Ces chiffres représentent les premières données gouvernementales sur le respect de la loi et suggèrent que les plateformes prennent des mesures importantes pour se conformer à une loi qui pourrait leur valoir une amende allant jusqu'à 49,5 millions de dollars australiens (33 millions de dollars) en cas de non-respect, mais qui ne tient pas les enfants ou leurs parents pour responsables.

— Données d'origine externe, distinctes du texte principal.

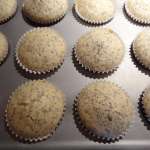 Muffins à l&rsquo;eau, citron et pavot 9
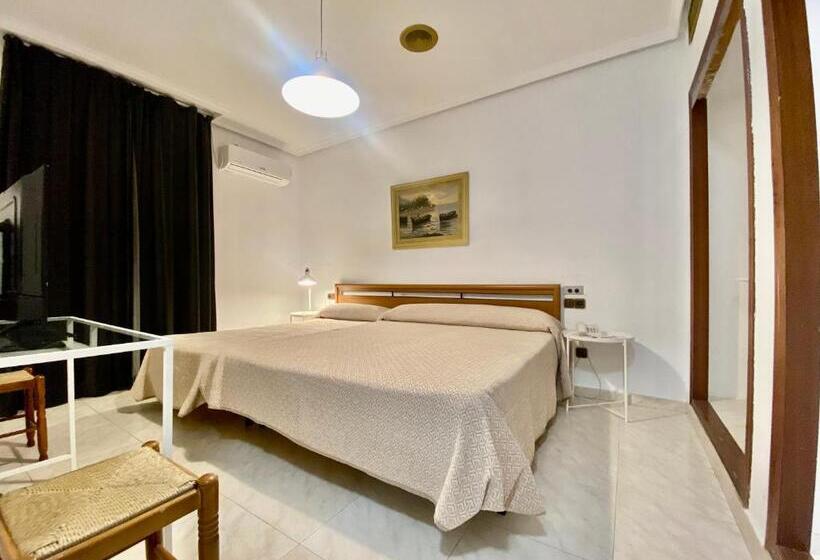 Номер Стандарт Трехместный, Venta El Puerto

Ce chiffre est bien supérieur aux estimations qui circulaient avant l'entrée en vigueur de la loi et équivaut à plus de deux comptes pour chaque Australien âgé de 10 à 16 ans, sur la base des données démographiques. Meta META.O a précédemment déclaré avoir retiré quelque 550 000 comptes de mineurs de ses sites Instagram, Facebook et Threads. La règle de l'âge minimum s'applique également à YouTube
GOOGL.O de Google, à TikTok, à Snapchat SNAP.N et à X d'Elon Musk, anciennement Twitter. Reddit RDDT.N a déclaré qu'il se conformait à la règle, mais il a intenté un procès pour faire annuler l'interdiction. Le gouvernement affirme qu'il se défendra.

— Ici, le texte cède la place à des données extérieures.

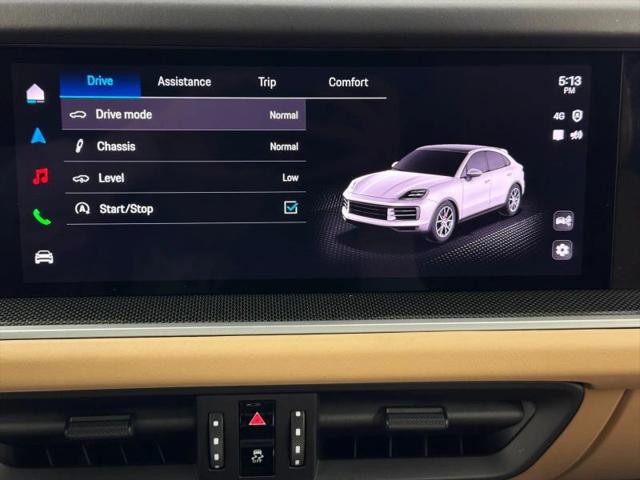2024 Porsche Cayenne S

"Il est clair que les orientations réglementaires d'eSafety et l'engagement avec les plateformes donnent déjà des résultats significatifs", a déclaré la commissaire Julie Inman Grant dans un communiqué.
Certains comptes de mineurs restent actifs et il est trop tôt pour déclarer une conformité totale, a-t-elle ajouté. Toutes les entreprises initialement visées par l'interdiction ont déclaré qu'elles s'y conformeraient.
Mme Inman Grant a déclaré qu'il faudrait du temps pour mettre en place des contrôles efficaces de l'âge, mais que les réactions des fournisseurs de services d'assurance de l'âge - généralement des fournisseurs de logiciels tiers engagés par les plateformes - indiquaient que le déploiement en Australie s'était fait sans heurts, grâce à l'éducation du public en amont de l'interdiction.
Certaines petites applications de médias sociaux ont fait état d'une augmentation du nombre de téléchargements en Australie avant l'entrée en vigueur de l'interdiction en décembre, et eSafety a déclaré qu'elle surveillerait ce qu'elle appelle les tendances migratoires. Il a toutefois précisé que les premiers téléchargements ne s'étaient pas traduits par une utilisation soutenue.
Une étude menée avec des experts en santé mentale permettra de suivre l'impact à long terme de l'interdiction pendant plusieurs années.